PSI vs PSIA vs PSIG: What the Pressure Suffixes Mean

By Wu Peng, Senior Process Instrumentation Engineer · Last reviewed July 11, 2026

PSIA and PSIG measure the same pressure from two different zero points. PSIG (gauge) counts up from the local atmosphere, so it reads 0 at ambient air. PSIA (absolute) counts up from a perfect vacuum, so ambient air already reads about 14.7. Plain PSI names the unit without saying which zero it uses, and PSID is the difference between two pressures. Get the suffix wrong on a datasheet and a reading can be off by a full atmosphere, roughly 14.7 psi. This guide gives you the at-a-glance table, the conversion with real numbers, and which reference to specify on a transmitter.

Contents

Pressure reference scale showing absolute zero at a perfect vacuum, atmospheric pressure at 14.7 PSIA which equals 0 PSIG, and an example reading of 30 PSIG which equals 44.7 PSIA 0 PSIA (perfect vacuum) 14.7 PSIA = 0 PSIG (sea-level atmosphere) 44.7 PSIA = 30 PSIG (example reading) below this line = vacuum (negative PSIG) PSIA (from vacuum) PSIG (from atmosphere)

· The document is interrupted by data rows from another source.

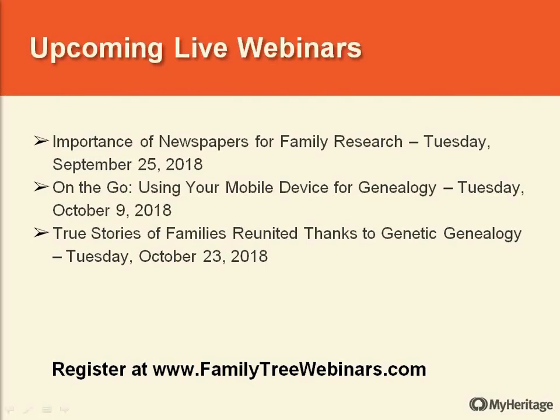Before Q&A with Daniel, let's look at upcoming live webinars. In September, we have 'The Importance of Newspapers for Family Research' on September 25th. In October, we have 'On the Go: Using Your Mobile Device for Genealogy,' and then 'True Stories of Families Reunited Thanks to Genetic Genealogy' — I always have to get the hanky out for those ones, but I love that kind of content. That's what we have to look forward to in September and October.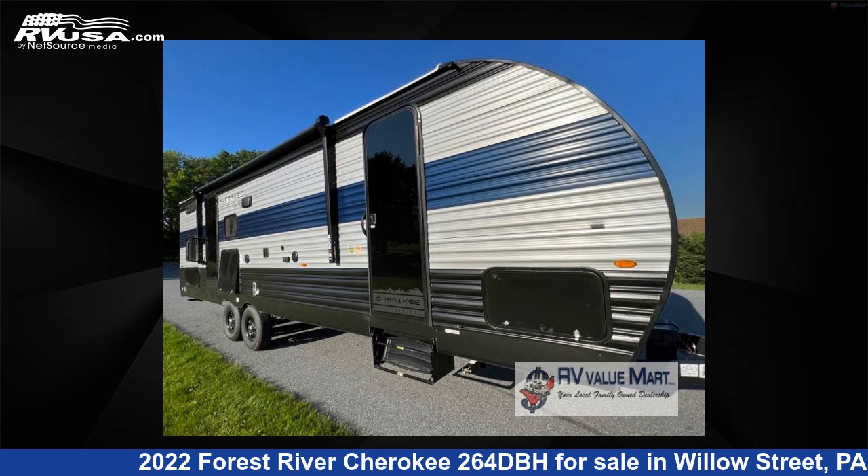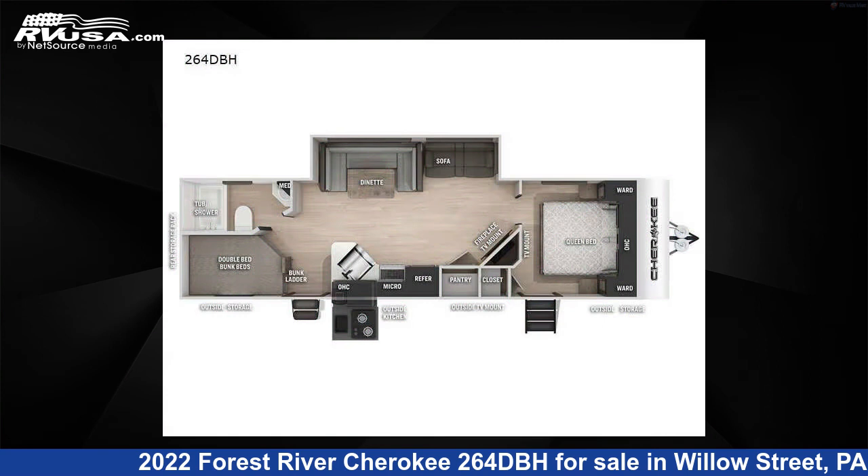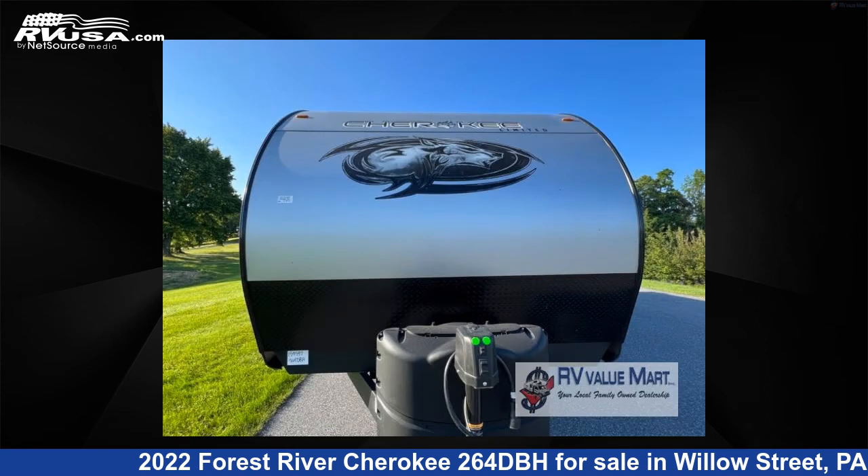This 2022 Forest River Cherokee 264 DBH is a travel trailer RV. It is located in Willow Street, Pennsylvania 17584, and is offered for sale by RV Value Mart.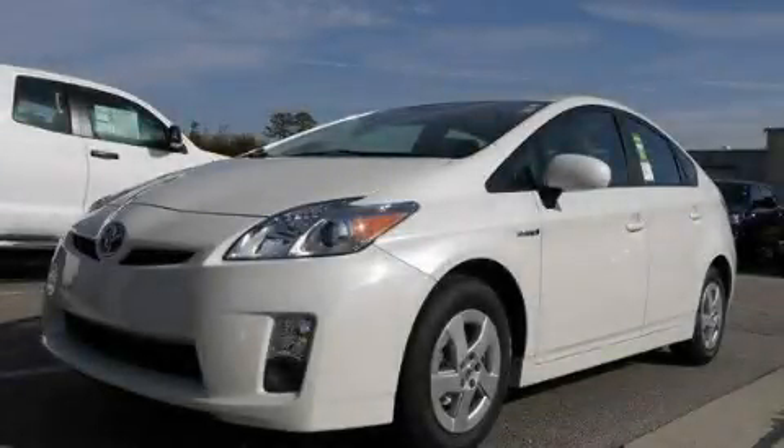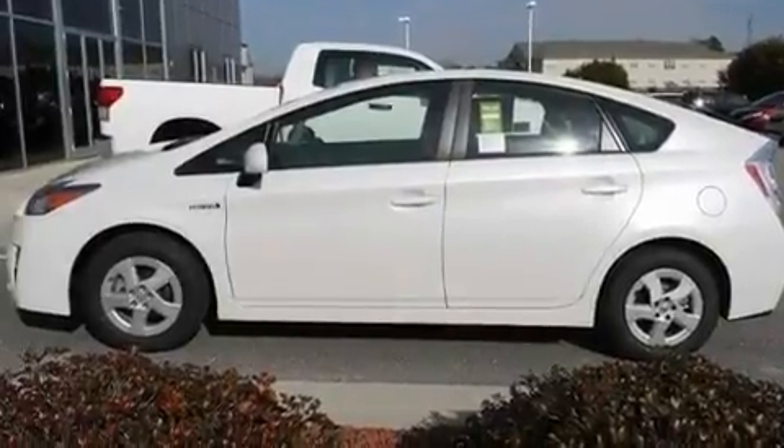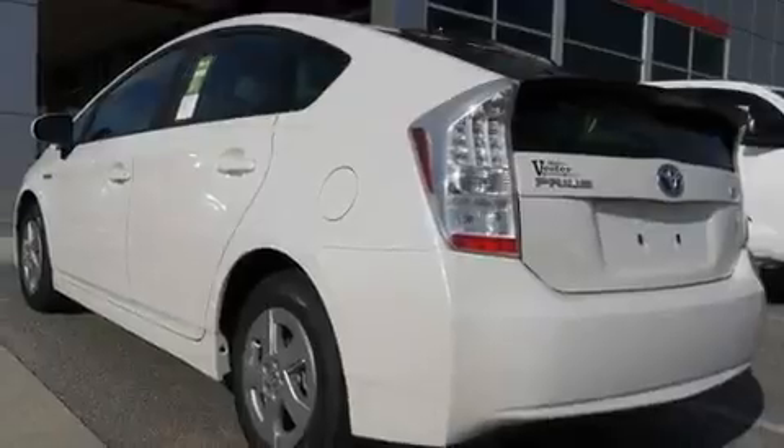This is a brand-new 2011 Toyota Prius, designed with both you and the environment in mind. It has a 1.8-liter four-cylinder engine and an automatic transmission.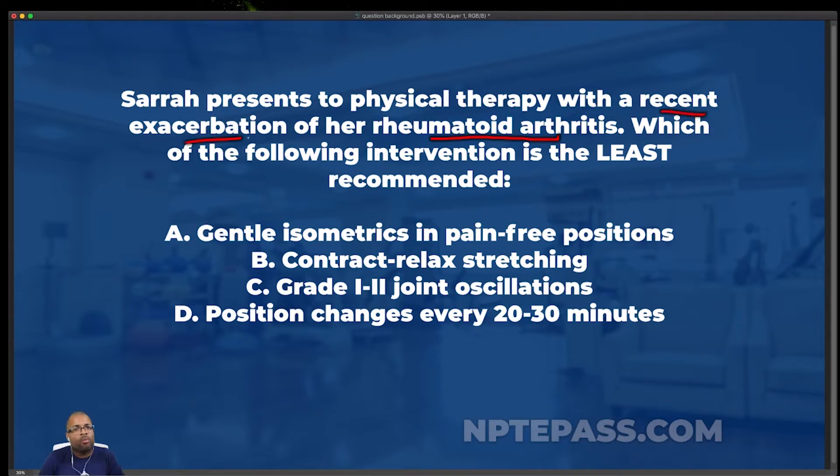Rheumatoid arthritis is a chronic autoimmune condition that targets the synovial lining of the joints. The body is essentially attacking these joints, which becomes not just very painful, but also causes a lot of degradation of the joint — breaking it down, making it really damaged on the inside. The bones, specifically the joints, become very fragile.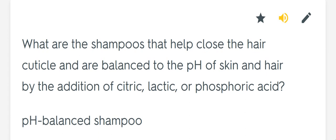What are the shampoos that help close the hair cuticle and are balanced to the pH of skin and hair by the addition of citric, lactic, or phosphoric acid? pH balanced shampoo.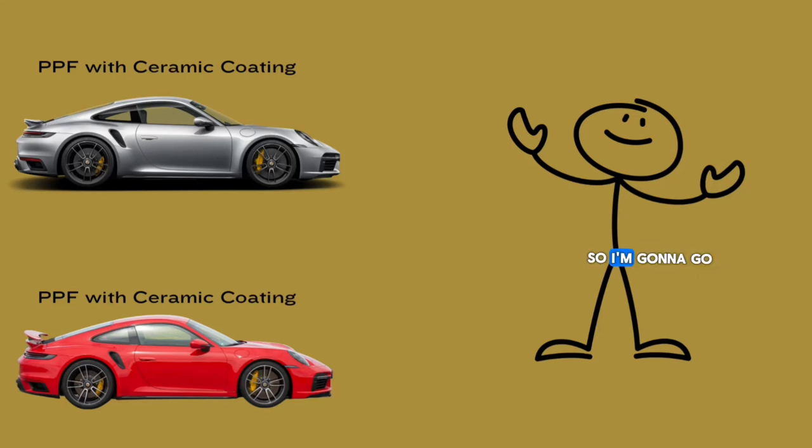Hey guys, Cal with Blacklisted. I'm going to use this little animation that I created to show you what's better: a car that's just ceramic coated, or a car that has PPF with ceramic coating.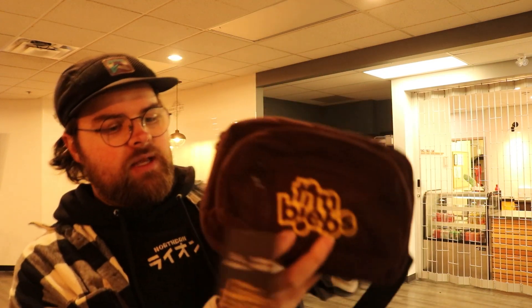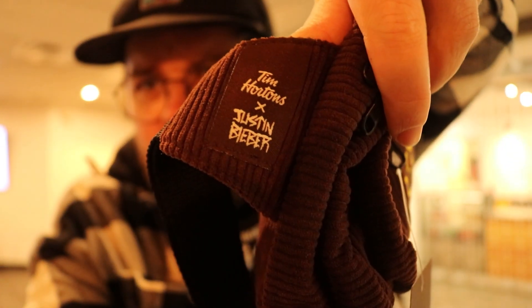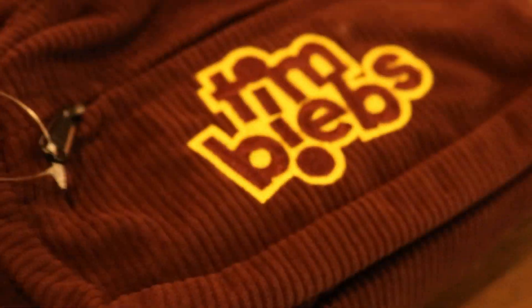Introducing the Tim Beebs Satchel. Check this thing out — adjustable size, limited time only, there's the little Tim Hortons x Justin Bieber thing. How do they focus on the thing? There it is. This thing's great. It has this fun little brown corduroy finish, it has the big Tim Beebs logo — what more could you want?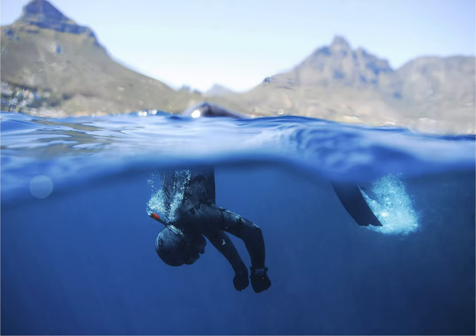Meanwhile, Oudekraal Beach is the entry point for shore dives to the famous Antipolis wreck.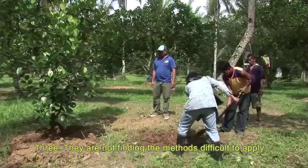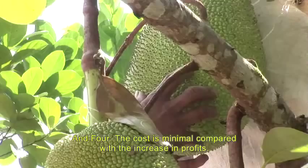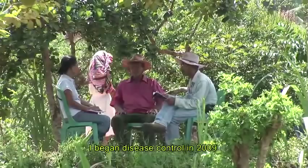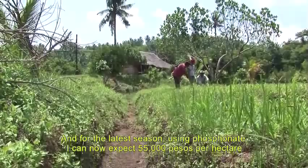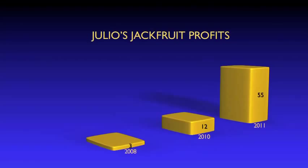Since I started managing the disease in 2009, and on the next fruiting season I saw my income rise to 20,000 pesos. If I use Phosphonate, I can get 55,000 pesos per hectare.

PSI, PSIA, PSIG, and PSID at a glance

All four use pounds per square inch. The suffix only tells you the reference point the number is counted from.

Suffix Name Zero reference Sea-level air reads Typical use
PSI Pounds per square inch Not stated; set by context n/a Generic; on a gauge, read as gauge
PSIG Gauge Local atmosphere 0 PSIG Tires, pumps, most process pressure
PSIA Absolute Perfect vacuum 14.7 PSIA Vacuum, barometric, altitude-sensitive work
PSID Differential The second port Depends on both sides Filter drop, flow, level in closed tanks

PSIG: gauge pressure

Gauge pressure uses the local atmosphere as its zero. Open a valve to the air and the gauge reads 0 PSIG, no matter what the barometer says that day. A car tire at 32 PSIG holds 32 psi above the surrounding air. Pull below atmosphere and PSIG goes negative: a partial vacuum reads about −9.7 PSIG, and a perfect vacuum reads about −14.7 PSIG at sea level. Most industrial pressure is gauge, because operators care about the pressure a system holds above the air around it.

This is also why a bare “psi” almost always means gauge. The US standard for pressure gauges, ASME B40.100, treats an unmarked dial as gauge pressure unless it is labeled absolute or differential. A gauge or transmitter that reads gauge is usually vented to atmosphere through a small port or a breathing cable, so the reference tracks the real ambient air.

PSIA: absolute pressure

Absolute pressure uses a perfect vacuum as its zero, so it already includes the weight of the atmosphere. Sea-level air is about 14.7 PSIA. A sealed chamber pumped down toward a hard vacuum approaches 0 PSIA but never quite reaches it; a semiconductor process might target 0.1 PSIA. Because the reference is a fixed vacuum, an absolute reading moves when the weather or the elevation changes: sea level is 14.7 PSIA, 1,000 ft is about 14.2 PSIA, and Denver at 5,280 ft averages about 12.2 PSIA. That is exactly why barometric and weather sensors are absolute. A gauge sensor would read 0 at every one of those elevations and tell you nothing about the real air pressure.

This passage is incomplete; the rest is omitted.